Oltre alle motivazioni legate al futuro un altro elemento pare abbia inficiato sulle decisioni prese dal Reparto Corse. La sfortunata stagione 2020 ha creato un’apertura verso questa “nuova strategia”. Il cambio d’approccio, infatti, opportuno considerando le problematiche legate alla SF1000, ha determinato risultati interessati malgrado “l’equipaggiamento” a disposizione non fosse di certo ottimale.
Charles Leclerc, al contrario di un Sebastian tagliato fuori e costretto ad assaporare ogni weekend di gara un piatto non gradito, si è dato parecchio da fare sulla sperimentazione legata alla messa a punto. L’impossibilità di sommare potenza ad un propulsore inadeguato, bolso, ha spinto gli uomini in Rosso a questo atteggiamento. Tale impostazione applicata al modello SF21 si è dimostrata vincente.
Lo abbiamo potuto constatare attraverso lo studio degli on board (clicca qui per dare un’occhiata), strumento davvero prezioso per osservare le metodologie di lavoro della F1 messe in atto in pista.
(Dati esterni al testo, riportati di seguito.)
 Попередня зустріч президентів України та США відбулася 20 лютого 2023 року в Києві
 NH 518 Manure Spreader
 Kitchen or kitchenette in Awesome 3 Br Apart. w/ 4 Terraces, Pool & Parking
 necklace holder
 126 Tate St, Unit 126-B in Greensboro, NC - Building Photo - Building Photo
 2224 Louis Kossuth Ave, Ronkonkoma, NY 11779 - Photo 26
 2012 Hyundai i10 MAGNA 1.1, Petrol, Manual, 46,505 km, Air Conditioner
Senza dimenticare le attività sviluppate dopo ogni Gran Premio, a Maranello, dove gli stessi ferraristi affrontano in maniera virtuale la corsa appena disputata. Mescolare i dati attraverso uno studio incrociato porta alla consapevolezza, vitale per correggere e migliorare il comportamento della monoposto.
Senza dimenticare la facilità, con le gambe sotto il tavolo, nel produrre a monte un “assetto base” adeguato per ogni circuito. Punto di partenza per costruire a livello tecnico il fine settimana e poter accedere alla performance dell’auto più in fretta. Fattore cruciale, a sua volta, che accelera lo studio sugli pneumatici tramite le simulazioni high fuel. L’utilizzo finalmente corretto del simulatore ha fornito le armi opportune per creare la tanto chiacchierata correlazione tra pista e virtuale, determinante durante i fine settimana di gara.
La comprensione delle mescole ha trovato pieno giovamento da questo approccio. Le ultime prove mondiali, se pensiamo alle difficoltà patite durante i primi round del campionato, ne sono una netta dimostrazione. Il compromesso aero-meccanico, se centrato in maniera ideale, stende un tappeto rosso sul quale esibirsi appagati è dunque possibile. E tutto quanto, è ovvio, diventa tremendamente più semplice.
Il percorso intrapreso da Ferrari conforta e la visone d’insieme del team sembra molto promettente. D’altronde, se consideriamo la presenza ridottissima di test nell’arco della stagione, lo studio sulla vettura assume un aspetto preponderante. Tra qualche mese, in Italia, sarà ultimato il nuovo simulatore innovativo. Esigenza imperativa per fronteggiare al meglio il ciclo futuro della massima categoria.